◆ Supplied data

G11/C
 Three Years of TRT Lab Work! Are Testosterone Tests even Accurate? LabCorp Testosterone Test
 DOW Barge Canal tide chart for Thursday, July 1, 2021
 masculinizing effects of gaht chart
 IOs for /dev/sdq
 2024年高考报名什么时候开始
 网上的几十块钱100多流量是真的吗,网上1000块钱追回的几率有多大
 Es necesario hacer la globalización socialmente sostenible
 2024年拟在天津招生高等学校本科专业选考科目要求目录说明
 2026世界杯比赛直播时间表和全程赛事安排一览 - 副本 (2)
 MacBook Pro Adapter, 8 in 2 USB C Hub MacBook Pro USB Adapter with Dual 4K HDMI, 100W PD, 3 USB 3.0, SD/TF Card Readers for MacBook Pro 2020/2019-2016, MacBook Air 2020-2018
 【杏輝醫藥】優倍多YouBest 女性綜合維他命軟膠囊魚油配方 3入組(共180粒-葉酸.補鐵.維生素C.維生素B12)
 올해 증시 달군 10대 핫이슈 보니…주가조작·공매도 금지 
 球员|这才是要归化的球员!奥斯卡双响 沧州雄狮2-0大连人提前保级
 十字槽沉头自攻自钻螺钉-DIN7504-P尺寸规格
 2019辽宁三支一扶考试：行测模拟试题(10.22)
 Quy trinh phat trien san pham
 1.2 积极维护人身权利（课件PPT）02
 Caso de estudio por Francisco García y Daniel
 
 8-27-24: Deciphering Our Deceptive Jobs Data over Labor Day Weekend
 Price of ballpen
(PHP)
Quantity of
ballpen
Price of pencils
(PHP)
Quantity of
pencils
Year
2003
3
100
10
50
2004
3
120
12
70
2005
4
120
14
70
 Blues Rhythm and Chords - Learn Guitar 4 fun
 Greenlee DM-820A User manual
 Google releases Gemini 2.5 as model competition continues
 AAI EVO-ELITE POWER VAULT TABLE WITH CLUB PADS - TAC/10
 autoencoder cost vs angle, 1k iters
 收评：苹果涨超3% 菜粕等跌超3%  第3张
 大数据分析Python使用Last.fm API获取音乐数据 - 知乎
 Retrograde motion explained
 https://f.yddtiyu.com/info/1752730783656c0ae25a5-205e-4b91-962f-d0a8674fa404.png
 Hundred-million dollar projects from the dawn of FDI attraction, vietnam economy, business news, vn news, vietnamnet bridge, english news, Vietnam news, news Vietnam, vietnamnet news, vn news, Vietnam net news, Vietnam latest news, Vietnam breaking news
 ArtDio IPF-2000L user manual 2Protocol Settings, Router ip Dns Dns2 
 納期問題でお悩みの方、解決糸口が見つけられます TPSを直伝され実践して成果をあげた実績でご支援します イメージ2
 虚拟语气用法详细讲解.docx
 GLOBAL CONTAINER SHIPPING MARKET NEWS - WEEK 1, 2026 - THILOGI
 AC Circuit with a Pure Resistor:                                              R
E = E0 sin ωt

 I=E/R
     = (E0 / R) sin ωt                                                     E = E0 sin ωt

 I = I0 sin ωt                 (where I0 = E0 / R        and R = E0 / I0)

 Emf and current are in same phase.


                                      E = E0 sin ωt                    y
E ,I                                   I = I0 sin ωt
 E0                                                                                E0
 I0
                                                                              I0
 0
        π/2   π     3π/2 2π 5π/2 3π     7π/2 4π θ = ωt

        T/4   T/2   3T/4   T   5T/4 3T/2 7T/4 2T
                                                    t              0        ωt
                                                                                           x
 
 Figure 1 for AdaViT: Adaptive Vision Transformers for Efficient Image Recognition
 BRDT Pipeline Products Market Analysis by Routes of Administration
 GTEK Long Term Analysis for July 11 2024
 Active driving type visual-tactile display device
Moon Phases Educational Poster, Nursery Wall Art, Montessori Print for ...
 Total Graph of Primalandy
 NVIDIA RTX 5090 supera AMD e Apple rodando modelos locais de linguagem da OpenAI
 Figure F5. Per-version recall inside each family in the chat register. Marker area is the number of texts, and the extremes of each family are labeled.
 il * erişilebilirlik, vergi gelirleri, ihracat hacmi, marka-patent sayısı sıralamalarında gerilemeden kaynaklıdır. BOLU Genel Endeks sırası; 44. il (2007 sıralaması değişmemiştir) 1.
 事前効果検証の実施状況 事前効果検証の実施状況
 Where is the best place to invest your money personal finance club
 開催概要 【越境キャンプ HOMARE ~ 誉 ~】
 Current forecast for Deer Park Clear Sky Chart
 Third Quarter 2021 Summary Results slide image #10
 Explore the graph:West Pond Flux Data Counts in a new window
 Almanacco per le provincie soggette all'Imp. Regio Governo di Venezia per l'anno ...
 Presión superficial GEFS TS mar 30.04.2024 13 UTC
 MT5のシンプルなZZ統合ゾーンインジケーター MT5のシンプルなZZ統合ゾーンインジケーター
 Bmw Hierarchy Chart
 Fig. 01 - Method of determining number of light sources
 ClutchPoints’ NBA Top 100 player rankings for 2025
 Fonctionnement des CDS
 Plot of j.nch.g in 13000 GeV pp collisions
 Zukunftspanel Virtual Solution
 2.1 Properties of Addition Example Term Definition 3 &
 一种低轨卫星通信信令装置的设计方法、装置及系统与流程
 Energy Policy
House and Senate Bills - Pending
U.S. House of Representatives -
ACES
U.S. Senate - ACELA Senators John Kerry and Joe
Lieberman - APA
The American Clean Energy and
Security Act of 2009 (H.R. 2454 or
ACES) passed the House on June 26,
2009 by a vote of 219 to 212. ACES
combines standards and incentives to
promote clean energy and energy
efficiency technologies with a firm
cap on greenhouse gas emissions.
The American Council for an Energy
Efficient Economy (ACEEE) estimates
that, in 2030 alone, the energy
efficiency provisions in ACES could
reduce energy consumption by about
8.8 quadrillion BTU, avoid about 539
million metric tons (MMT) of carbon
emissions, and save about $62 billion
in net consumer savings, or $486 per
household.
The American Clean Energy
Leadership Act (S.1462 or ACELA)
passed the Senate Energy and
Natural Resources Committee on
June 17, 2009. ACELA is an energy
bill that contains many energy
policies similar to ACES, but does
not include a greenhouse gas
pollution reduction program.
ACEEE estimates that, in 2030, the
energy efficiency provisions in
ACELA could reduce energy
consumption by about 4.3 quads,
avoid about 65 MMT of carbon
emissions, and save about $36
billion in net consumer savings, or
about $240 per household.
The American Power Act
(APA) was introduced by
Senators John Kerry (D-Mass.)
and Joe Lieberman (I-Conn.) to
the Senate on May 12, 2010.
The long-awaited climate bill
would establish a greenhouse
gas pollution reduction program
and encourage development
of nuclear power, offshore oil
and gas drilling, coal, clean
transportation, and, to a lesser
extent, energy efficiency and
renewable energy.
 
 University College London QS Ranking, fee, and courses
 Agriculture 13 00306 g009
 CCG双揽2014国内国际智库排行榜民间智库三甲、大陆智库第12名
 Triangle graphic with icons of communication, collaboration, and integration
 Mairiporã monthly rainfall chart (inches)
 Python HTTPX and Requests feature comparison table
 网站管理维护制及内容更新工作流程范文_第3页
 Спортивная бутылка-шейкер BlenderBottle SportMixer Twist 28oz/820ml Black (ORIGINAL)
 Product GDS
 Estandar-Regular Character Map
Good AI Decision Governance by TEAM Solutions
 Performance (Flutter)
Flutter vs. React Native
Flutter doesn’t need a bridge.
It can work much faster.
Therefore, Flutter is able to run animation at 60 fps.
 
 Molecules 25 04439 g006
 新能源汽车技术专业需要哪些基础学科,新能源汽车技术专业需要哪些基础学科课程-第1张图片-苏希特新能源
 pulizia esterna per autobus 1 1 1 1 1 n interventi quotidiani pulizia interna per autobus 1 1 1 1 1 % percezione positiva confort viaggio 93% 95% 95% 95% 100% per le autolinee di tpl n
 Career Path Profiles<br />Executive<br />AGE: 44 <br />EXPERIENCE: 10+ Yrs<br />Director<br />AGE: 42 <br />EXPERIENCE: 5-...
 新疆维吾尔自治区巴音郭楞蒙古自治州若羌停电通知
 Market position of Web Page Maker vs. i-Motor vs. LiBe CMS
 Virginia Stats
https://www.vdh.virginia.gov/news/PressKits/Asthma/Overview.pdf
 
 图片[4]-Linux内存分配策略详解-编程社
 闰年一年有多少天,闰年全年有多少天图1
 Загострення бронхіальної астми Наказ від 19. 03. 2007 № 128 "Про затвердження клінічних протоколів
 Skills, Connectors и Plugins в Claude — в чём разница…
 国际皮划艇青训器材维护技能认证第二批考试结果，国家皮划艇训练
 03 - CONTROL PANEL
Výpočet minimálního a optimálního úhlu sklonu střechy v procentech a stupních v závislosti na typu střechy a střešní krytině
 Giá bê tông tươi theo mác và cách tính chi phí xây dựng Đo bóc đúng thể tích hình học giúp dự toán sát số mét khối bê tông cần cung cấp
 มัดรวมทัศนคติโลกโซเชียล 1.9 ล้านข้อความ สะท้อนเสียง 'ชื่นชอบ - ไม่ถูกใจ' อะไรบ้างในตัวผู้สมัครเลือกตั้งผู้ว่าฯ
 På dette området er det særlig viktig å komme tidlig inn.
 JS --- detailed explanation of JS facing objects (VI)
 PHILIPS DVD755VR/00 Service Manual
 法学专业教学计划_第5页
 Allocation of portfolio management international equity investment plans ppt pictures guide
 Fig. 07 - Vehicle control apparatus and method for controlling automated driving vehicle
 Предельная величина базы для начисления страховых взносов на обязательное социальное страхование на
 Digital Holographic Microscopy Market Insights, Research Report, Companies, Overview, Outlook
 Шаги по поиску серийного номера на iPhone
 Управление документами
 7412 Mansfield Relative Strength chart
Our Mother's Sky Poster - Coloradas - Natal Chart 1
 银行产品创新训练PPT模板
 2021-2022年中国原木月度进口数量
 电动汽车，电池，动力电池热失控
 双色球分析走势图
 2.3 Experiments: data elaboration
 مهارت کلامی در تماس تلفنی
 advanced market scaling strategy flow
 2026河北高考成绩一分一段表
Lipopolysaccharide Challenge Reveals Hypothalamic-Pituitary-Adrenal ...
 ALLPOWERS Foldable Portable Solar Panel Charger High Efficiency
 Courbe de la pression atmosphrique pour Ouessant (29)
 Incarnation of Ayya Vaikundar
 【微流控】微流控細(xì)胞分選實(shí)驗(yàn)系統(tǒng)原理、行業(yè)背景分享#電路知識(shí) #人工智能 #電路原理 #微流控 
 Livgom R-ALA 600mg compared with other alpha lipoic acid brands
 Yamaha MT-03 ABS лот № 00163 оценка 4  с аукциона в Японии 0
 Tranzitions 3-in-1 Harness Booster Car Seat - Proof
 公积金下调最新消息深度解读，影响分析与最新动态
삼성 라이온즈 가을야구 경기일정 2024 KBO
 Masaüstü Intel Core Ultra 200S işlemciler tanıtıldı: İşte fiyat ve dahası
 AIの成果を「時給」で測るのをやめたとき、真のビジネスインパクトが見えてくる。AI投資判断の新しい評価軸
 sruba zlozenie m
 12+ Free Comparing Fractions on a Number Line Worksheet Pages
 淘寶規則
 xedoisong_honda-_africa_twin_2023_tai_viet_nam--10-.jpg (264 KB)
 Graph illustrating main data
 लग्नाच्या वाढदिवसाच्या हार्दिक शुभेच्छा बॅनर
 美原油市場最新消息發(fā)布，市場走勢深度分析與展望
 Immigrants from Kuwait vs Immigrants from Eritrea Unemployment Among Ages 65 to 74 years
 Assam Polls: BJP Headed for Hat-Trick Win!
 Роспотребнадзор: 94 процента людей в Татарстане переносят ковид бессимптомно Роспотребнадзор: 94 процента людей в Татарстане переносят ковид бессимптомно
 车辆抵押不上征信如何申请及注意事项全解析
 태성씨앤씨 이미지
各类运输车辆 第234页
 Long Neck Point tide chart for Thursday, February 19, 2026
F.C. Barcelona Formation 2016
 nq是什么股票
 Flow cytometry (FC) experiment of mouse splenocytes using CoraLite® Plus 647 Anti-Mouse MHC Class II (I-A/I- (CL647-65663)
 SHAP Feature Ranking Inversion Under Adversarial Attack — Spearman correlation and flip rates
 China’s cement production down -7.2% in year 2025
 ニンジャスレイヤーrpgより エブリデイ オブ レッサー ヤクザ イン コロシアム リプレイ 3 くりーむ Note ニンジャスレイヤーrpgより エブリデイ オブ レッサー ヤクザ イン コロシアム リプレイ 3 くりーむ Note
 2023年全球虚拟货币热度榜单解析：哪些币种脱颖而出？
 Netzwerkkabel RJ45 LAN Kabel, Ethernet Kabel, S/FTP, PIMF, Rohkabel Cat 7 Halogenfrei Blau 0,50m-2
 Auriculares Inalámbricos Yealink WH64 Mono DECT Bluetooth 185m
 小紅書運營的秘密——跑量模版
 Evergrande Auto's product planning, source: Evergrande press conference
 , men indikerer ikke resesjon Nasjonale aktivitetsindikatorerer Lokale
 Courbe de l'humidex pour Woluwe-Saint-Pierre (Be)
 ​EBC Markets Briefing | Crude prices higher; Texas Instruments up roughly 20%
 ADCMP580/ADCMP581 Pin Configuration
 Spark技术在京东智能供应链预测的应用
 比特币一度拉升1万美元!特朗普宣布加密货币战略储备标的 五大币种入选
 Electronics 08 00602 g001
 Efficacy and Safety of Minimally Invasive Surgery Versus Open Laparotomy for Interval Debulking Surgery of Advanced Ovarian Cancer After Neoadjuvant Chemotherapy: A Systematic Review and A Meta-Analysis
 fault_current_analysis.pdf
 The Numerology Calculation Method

◆ Exercise details
Using the data above, reproduce exactly the lines from the line that contains "Leadership Act (S.1462 or ACELA)" through the line that contains "新疆维吾尔自治区巴音郭楞蒙古自治州若羌停电通知", including both.

◆ Your response
Leadership Act (S.1462 or ACELA)
passed the Senate Energy and
Natural Resources Committee on
June 17, 2009. ACELA is an energy
bill that contains many energy
policies similar to ACES, but does
not include a greenhouse gas
pollution reduction program.
ACEEE estimates that, in 2030, the
energy efficiency provisions in
ACELA could reduce energy
consumption by about 4.3 quads,
avoid about 65 MMT of carbon
emissions, and save about $36
billion in net consumer savings, or
about $240 per household.
The American Power Act
(APA) was introduced by
Senators John Kerry (D-Mass.)
and Joe Lieberman (I-Conn.) to
the Senate on May 12, 2010.
The long-awaited climate bill
would establish a greenhouse
gas pollution reduction program
and encourage development
of nuclear power, offshore oil
and gas drilling, coal, clean
transportation, and, to a lesser
extent, energy efficiency and
renewable energy.
 
 University College London QS Ranking, fee, and courses
 Agriculture 13 00306 g009
 CCG双揽2014国内国际智库排行榜民间智库三甲、大陆智库第12名
 Triangle graphic with icons of communication, collaboration, and integration
 Mairiporã monthly rainfall chart (inches)
 Python HTTPX and Requests feature comparison table
 网站管理维护制及内容更新工作流程范文_第3页
 Спортивная бутылка-шейкер BlenderBottle SportMixer Twist 28oz/820ml Black (ORIGINAL)
 Product GDS
 Estandar-Regular Character Map
Good AI Decision Governance by TEAM Solutions
 Performance (Flutter)
Flutter vs. React Native
Flutter doesn’t need a bridge.
It can work much faster.
Therefore, Flutter is able to run animation at 60 fps.
 
 Molecules 25 04439 g006
 新能源汽车技术专业需要哪些基础学科,新能源汽车技术专业需要哪些基础学科课程-第1张图片-苏希特新能源
 pulizia esterna per autobus 1 1 1 1 1 n interventi quotidiani pulizia interna per autobus 1 1 1 1 1 % percezione positiva confort viaggio 93% 95% 95% 95% 100% per le autolinee di tpl n
 Career Path Profiles<br />Executive<br />AGE: 44 <br />EXPERIENCE: 10+ Yrs<br />Director<br />AGE: 42 <br />EXPERIENCE: 5-...
 新疆维吾尔自治区巴音郭楞蒙古自治州若羌停电通知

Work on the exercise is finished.